**Exercise:** Could you transcribe all of the data exactly and skip any pictures?

**Material supplied:**

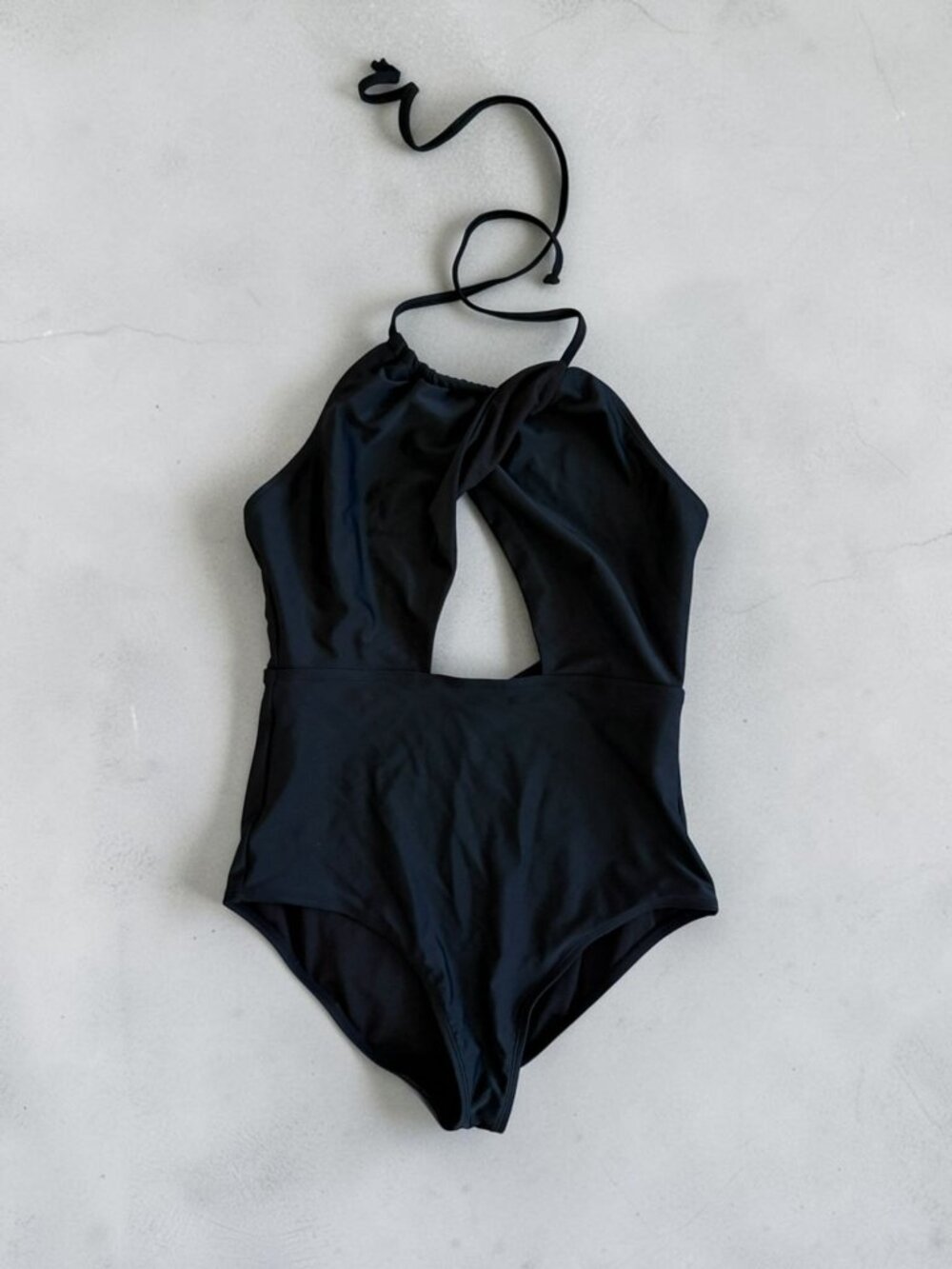 OLD NAVY Black One Piece Swimsuit Size Medium NEW NWT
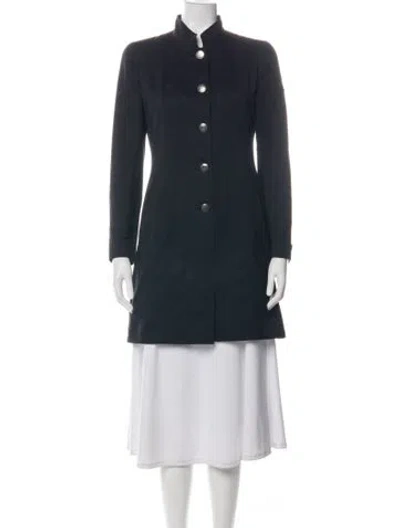 Pre-owned Chanel Vintage 1997 Coat In Black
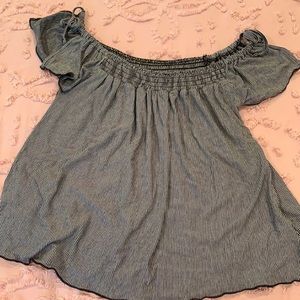 Off the shoulder top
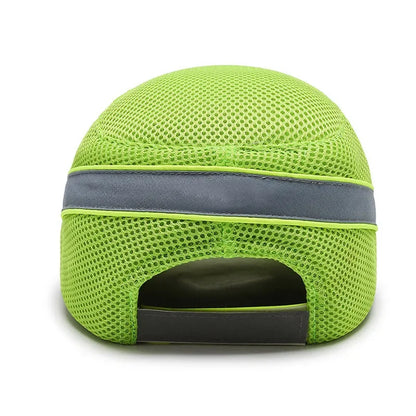 LZINA™ | Red Safety Bump Cap - Helmet with hard ABS inner core for head protection at home, work, and factory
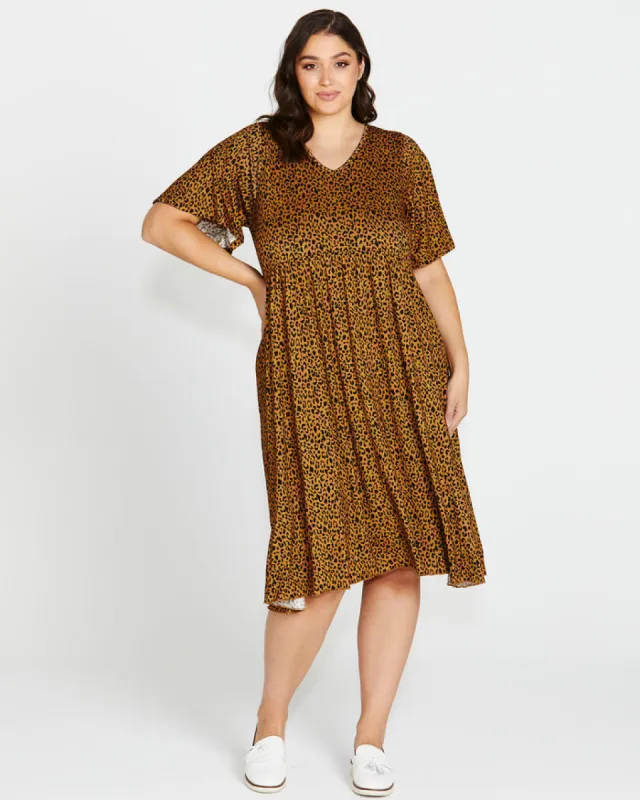Betty Basics Donna Dress Wild Print sold by Shine On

**Answer space:**
 OLD NAVY Black One Piece Swimsuit Size Medium NEW NWT
 Pre-owned Chanel Vintage 1997 Coat In Black
 Off the shoulder top
 LZINA™ | Red Safety Bump Cap - Helmet with hard ABS inner core for head protection at home, work, and factory
Betty Basics Donna Dress Wild Print sold by Shine On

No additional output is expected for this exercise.